Gov. Michelle Lujan Grisham briefly outlined the effort at a rally of oil executives on Monday in a speech acknowledging the state’s dependence on industry’s tax revenues while promising to enforce environmentally friendly rules.
She paused while about 300 attendees complied before starting a 20-minute speech thanking oil and gas producers for their contributions to the economy and tax revenues that form the backbone of state education funding.
She promised to kickstart the hydrogen fuel industry in New Mexico with legislation in February.
“We are working on it while we talk,” Lujan Grisham said, adding that it is part of an effort to make New Mexico a “hub” for hydrogen fuel.
“The Hydrogen Hub Act will continue (to) help us achieve our ambitious climate goal of reducing greenhouse gas emissions by at least 45% by 2030 – and increasing our economy in the process,” said New Mexico Environmental Department spokeswoman Kaitlyn O’Brien.
Like electric car batteries, hydrogen fuel cells emit no carbon dioxide when used.

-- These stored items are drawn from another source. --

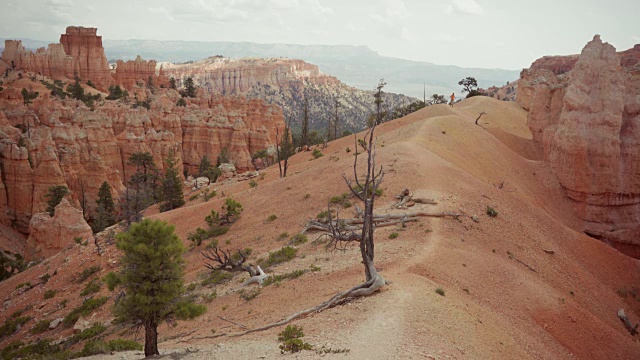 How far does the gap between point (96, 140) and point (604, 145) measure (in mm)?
43756

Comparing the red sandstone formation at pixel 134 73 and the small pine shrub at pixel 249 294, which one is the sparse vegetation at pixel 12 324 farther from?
the red sandstone formation at pixel 134 73

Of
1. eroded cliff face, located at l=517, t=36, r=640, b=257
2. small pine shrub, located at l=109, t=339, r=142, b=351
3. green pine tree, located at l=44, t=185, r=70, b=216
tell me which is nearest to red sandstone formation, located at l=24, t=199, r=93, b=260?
green pine tree, located at l=44, t=185, r=70, b=216

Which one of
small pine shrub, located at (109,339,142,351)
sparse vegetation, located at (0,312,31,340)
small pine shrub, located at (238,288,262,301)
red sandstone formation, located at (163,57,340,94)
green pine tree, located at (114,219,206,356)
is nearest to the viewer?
green pine tree, located at (114,219,206,356)

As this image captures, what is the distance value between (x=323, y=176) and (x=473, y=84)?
51213mm

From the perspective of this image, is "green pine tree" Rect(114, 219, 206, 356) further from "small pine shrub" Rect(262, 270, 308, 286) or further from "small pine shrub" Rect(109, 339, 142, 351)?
"small pine shrub" Rect(262, 270, 308, 286)

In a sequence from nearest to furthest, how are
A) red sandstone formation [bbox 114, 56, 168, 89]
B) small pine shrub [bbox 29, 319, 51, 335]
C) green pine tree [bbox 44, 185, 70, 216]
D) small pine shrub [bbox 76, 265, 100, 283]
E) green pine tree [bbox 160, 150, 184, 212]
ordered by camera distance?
small pine shrub [bbox 29, 319, 51, 335], small pine shrub [bbox 76, 265, 100, 283], green pine tree [bbox 160, 150, 184, 212], green pine tree [bbox 44, 185, 70, 216], red sandstone formation [bbox 114, 56, 168, 89]

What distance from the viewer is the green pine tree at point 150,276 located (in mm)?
10945

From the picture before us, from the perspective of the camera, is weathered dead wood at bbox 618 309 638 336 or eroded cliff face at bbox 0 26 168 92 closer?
weathered dead wood at bbox 618 309 638 336

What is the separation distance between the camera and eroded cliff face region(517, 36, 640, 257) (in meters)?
24.5

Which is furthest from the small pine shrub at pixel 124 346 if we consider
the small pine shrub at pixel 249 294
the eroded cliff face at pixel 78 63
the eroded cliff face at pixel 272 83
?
the eroded cliff face at pixel 272 83

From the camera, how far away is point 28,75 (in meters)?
67.6

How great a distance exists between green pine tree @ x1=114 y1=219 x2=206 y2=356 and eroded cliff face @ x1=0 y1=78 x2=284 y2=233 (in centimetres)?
3187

But electric cars, like the growing number of hydrogen vehicles including forklifts, are only “green” as the energy used to power them.

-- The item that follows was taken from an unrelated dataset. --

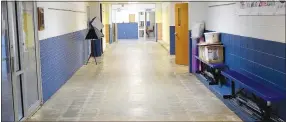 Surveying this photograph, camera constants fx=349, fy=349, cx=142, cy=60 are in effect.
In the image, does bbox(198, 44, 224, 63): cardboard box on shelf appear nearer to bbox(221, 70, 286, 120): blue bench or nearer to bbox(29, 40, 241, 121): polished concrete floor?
bbox(29, 40, 241, 121): polished concrete floor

Most energy used to produce hydrogen currently comes from natural gas, according to the U.S. Department of Energy, and contributes directly to the pollution it causes. But proponents of the technology, including Biden, see it as a way to reduce carbon emissions as it becomes more environmentally friendly.
New Mexico’s first major hydrogen project describes itself as “blue” -exploiting natural gas to share water to create hydrogen. A recent study by Cornell and Stanford found that the process generates 20% more carbon emissions than burning natural gas or coal for heat.
In what could have been an applause for an industry with few friends in the White House, Lujan Grisham said she advocates for them at the highest level.
“We continue to hold talks with the Biden administration to ensure they understand the critical importance of this industry in our state,” the governor said.
But like most of the speech, it was greeted with a quiet buzz of ceiling lights and the occasional cough.
In March, Lujan Grisham Biden wrote, asking to exempt New Mexico from a decree stopping gas and oil production on federal land. She argued that the move would push hydrocarbon mining to Texas, which shares a boundary above ground and the oil-rich Permian Basin beneath it.
But Lujan Grisham describes himself as an “interested party” in the industry, not necessarily a friend.
She promised to limit methane emissions at mining sites and continue to enforce regulations requiring reduced use of fresh water and thorough clean-up of environmental waste.
The speech did not mention anything about an oil spill currently covering the coast of California, or the record fires got worse this summer by global warming.
Manufacturers say methane regulations will cost billions.
The governor will have to walk another string in February when environmentally friendly lawmakers from the state’s growing progressive wing will have a chance to balance hydrogen legislation, and so will New Mexico Oil and Gas representatives.
For many environmentalists, the governor’s methane regulations and support for hydrogen are not going far enough, fast enough, to stem global warming. Student protesters have begun highlighting the governor’s events and office.
A handful of student climate activists blocked hotel doors after the governor left Monday’s event. They sang and held up a sign that read “Who Do You Know?”
Back in the congress hall, most oil and gas leaders took off their masks immediately after the governor left.
Attanasio is a corps member of the Associated Press / Report for the America Statehouse News Initiative. Report for America is a nonprofit national service program that places journalists in local newsrooms to report on undercover issues. Follow Attanasio on Twitter.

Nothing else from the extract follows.